DATA TO USE:
# # # #

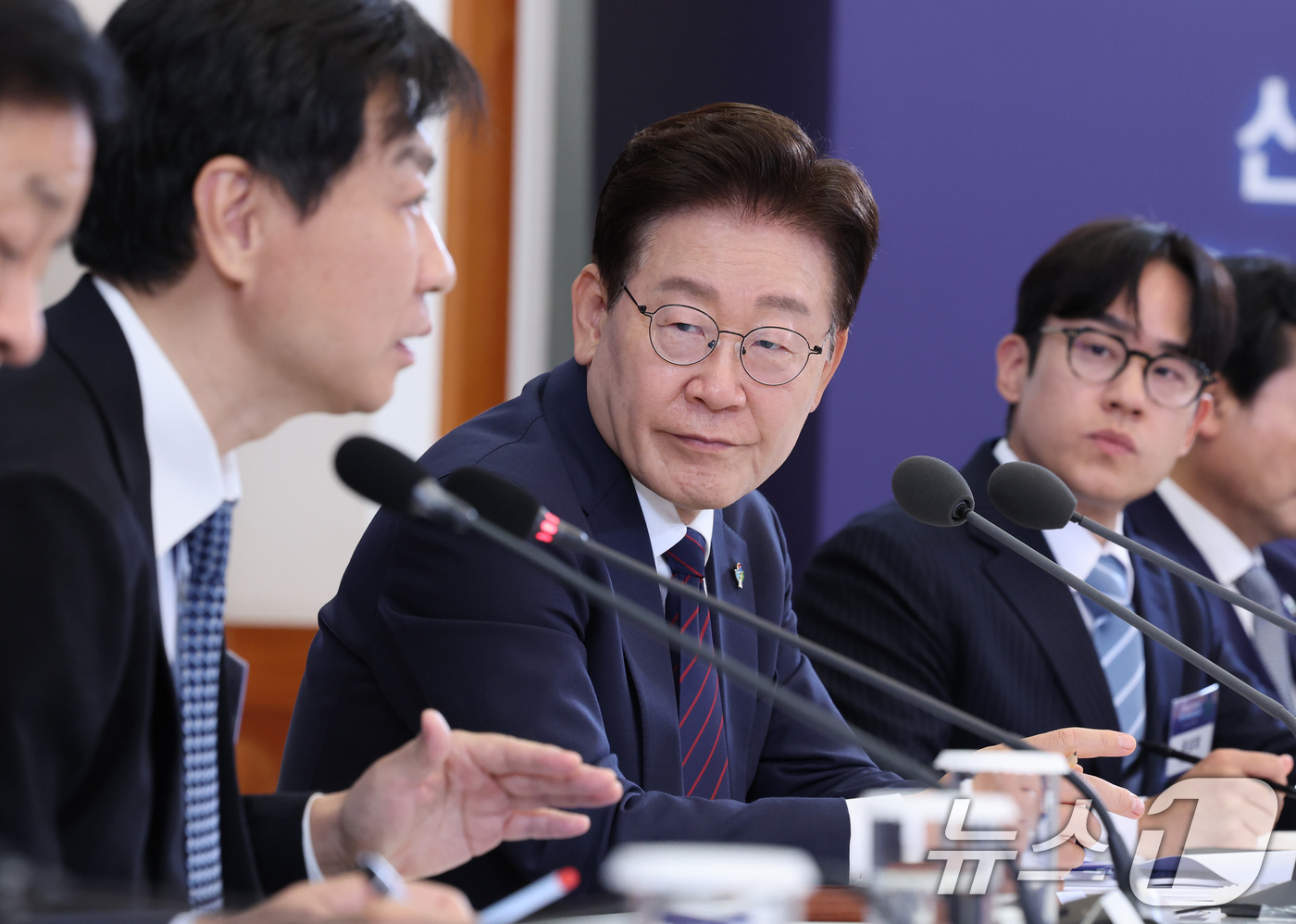 (서울=뉴스1) 이재명 기자 = 이재명 대통령이 26일 청와대에서 열린 미래 新안보 혁신기업 육성 전략회의에서 참석자들의 발언을 듣고 있다. 2026.6.26/뉴스1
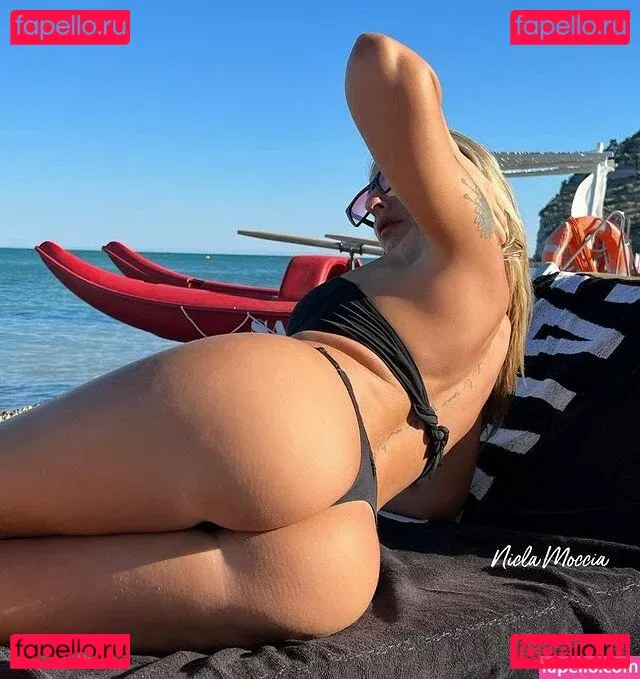 Nicla Moccia Onlyfans Photo Gallery 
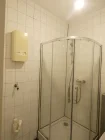 Badezimmer mit Waschmaschinenstellplatz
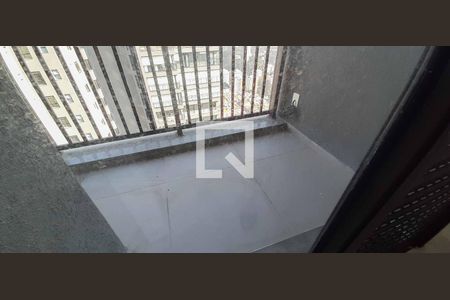 Apartamento à venda com 199m², 3 quartos e 2 vagasSacada da Área de Serviço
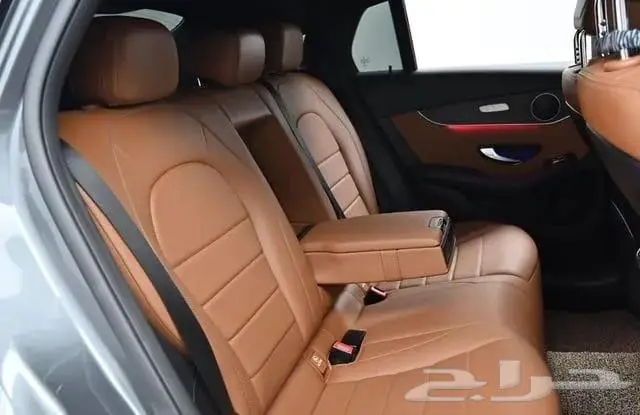 مرسيدس GLC300 موديل 2020 12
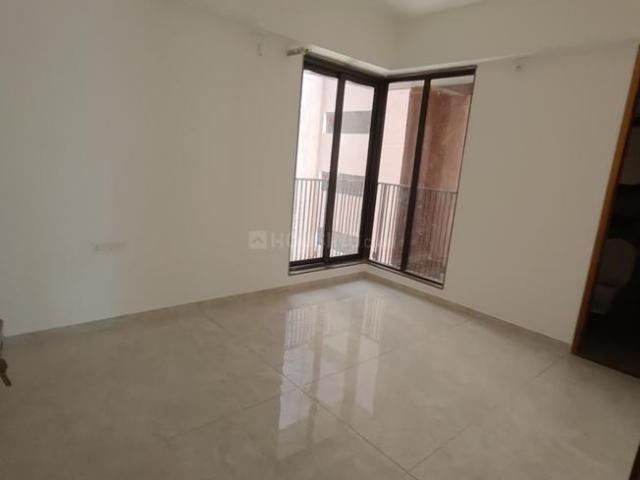 4 BHK Apartment in Vaishno Devi Circle for rent Ahmedabad. The reference number is 21166989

# # # #

EXERCISE DIRECTIONS: Please set down every line of the listing verbatim, excluding its pictures.

RESPONSE TO THE TASK:
 (서울=뉴스1) 이재명 기자 = 이재명 대통령이 26일 청와대에서 열린 미래 新안보 혁신기업 육성 전략회의에서 참석자들의 발언을 듣고 있다. 2026.6.26/뉴스1
 Nicla Moccia Onlyfans Photo Gallery 
 Badezimmer mit Waschmaschinenstellplatz
 Apartamento à venda com 199m², 3 quartos e 2 vagasSacada da Área de Serviço
 مرسيدس GLC300 موديل 2020 12
 4 BHK Apartment in Vaishno Devi Circle for rent Ahmedabad. The reference number is 21166989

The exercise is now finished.